• **WHAT THIS TASK INVOLVES**
Drop all pictures and repeat exactly the lines from the line holding "Autoliebhaber Spruch Bremsspur" through the end of the records.

• **ENTRIES PROVIDED**
----

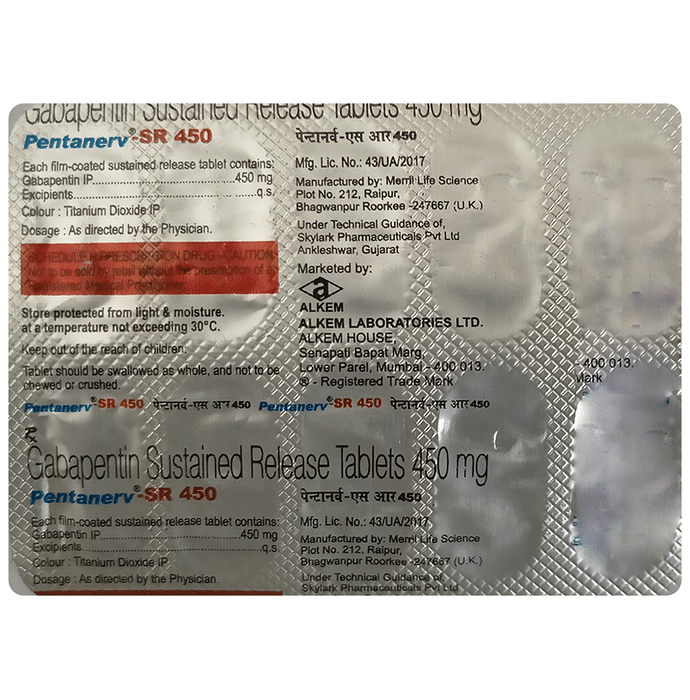 Pentanerv 450mg Tablet SR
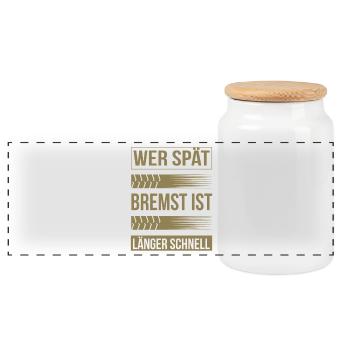 Autoliebhaber Spruch Bremsspur Humor - Panorama Keksdose mit Holzdeckel - Weiß - Vorne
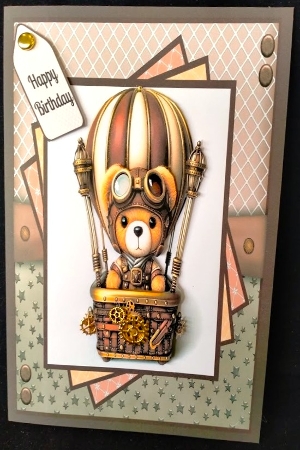 More Steampunk Teds - 8x8 Card Front Bumper Kit  by Margarette Blakeborough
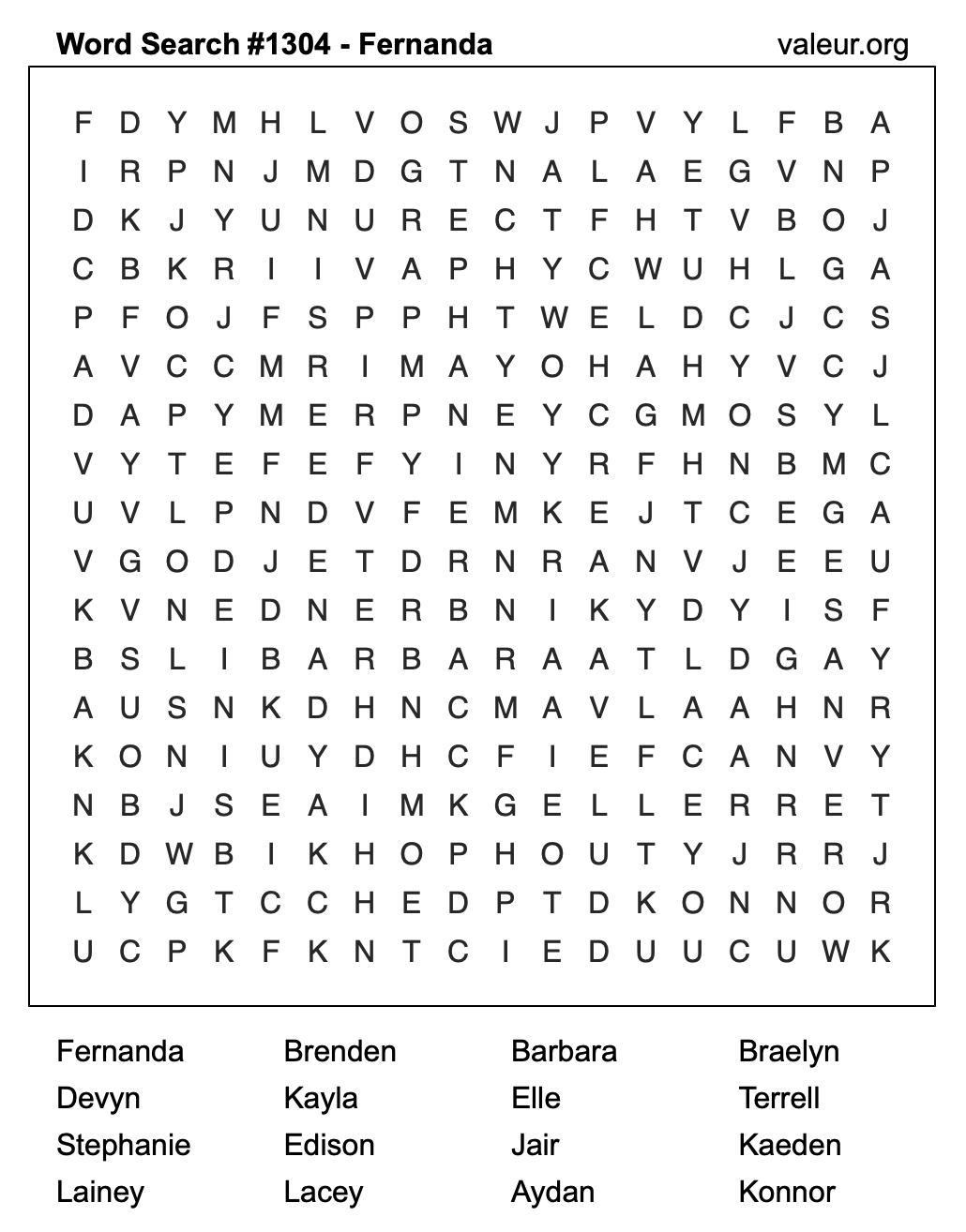Word Search Puzzle with the name Fernanda #1304 Word Search Puzzle with the name Fernanda #1304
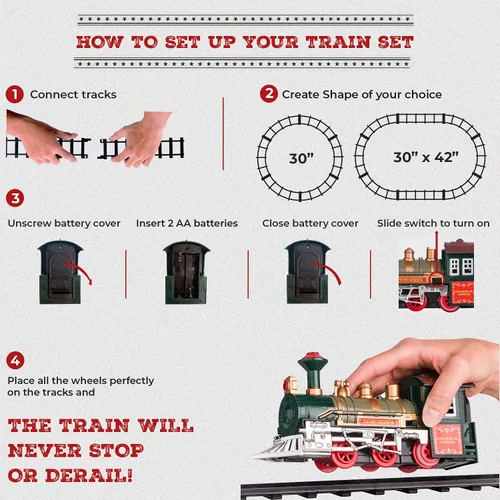 Vista 7 de Juego de tren eléctrico para niños de 4 a 8 años Juego de trenes para niños de 4 a 8 años Juegos de trenes a batería con luces y sonidos, motor
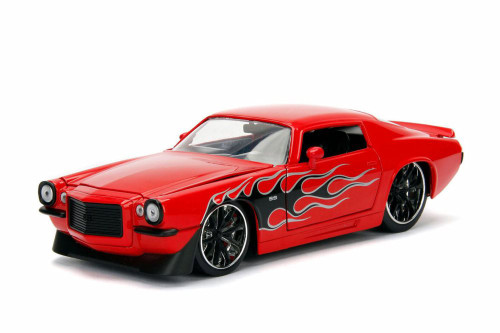 1971 Chevy Camaro, Red w/ Flames - Jada 99977DP1 - 1/24 Scale Diecast Model Toy Car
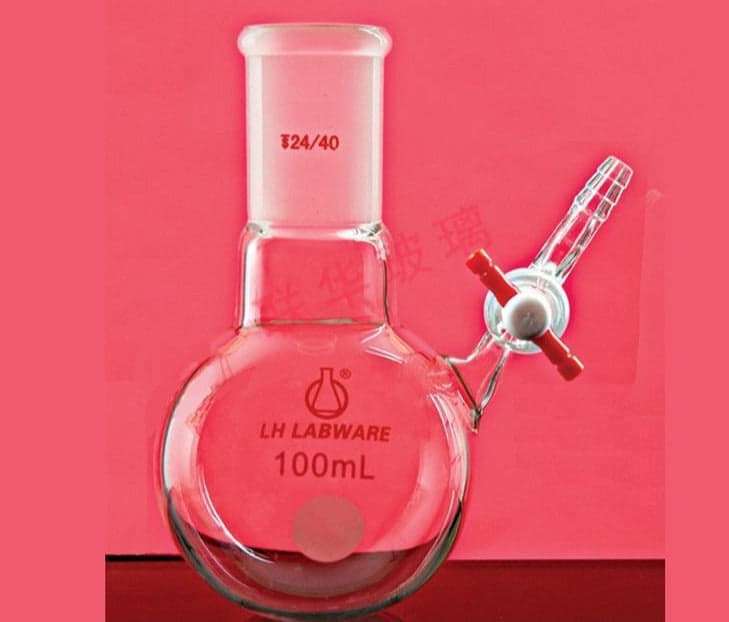 Schlenk round flask with joint and stopcock on side, capacity 50 to 1.000 ml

----

• **EXERCISE SOLUTION**
 Autoliebhaber Spruch Bremsspur Humor - Panorama Keksdose mit Holzdeckel - Weiß - Vorne
 More Steampunk Teds - 8x8 Card Front Bumper Kit  by Margarette Blakeborough
Word Search Puzzle with the name Fernanda #1304 Word Search Puzzle with the name Fernanda #1304
 Vista 7 de Juego de tren eléctrico para niños de 4 a 8 años Juego de trenes para niños de 4 a 8 años Juegos de trenes a batería con luces y sonidos, motor
 1971 Chevy Camaro, Red w/ Flames - Jada 99977DP1 - 1/24 Scale Diecast Model Toy Car
 Schlenk round flask with joint and stopcock on side, capacity 50 to 1.000 ml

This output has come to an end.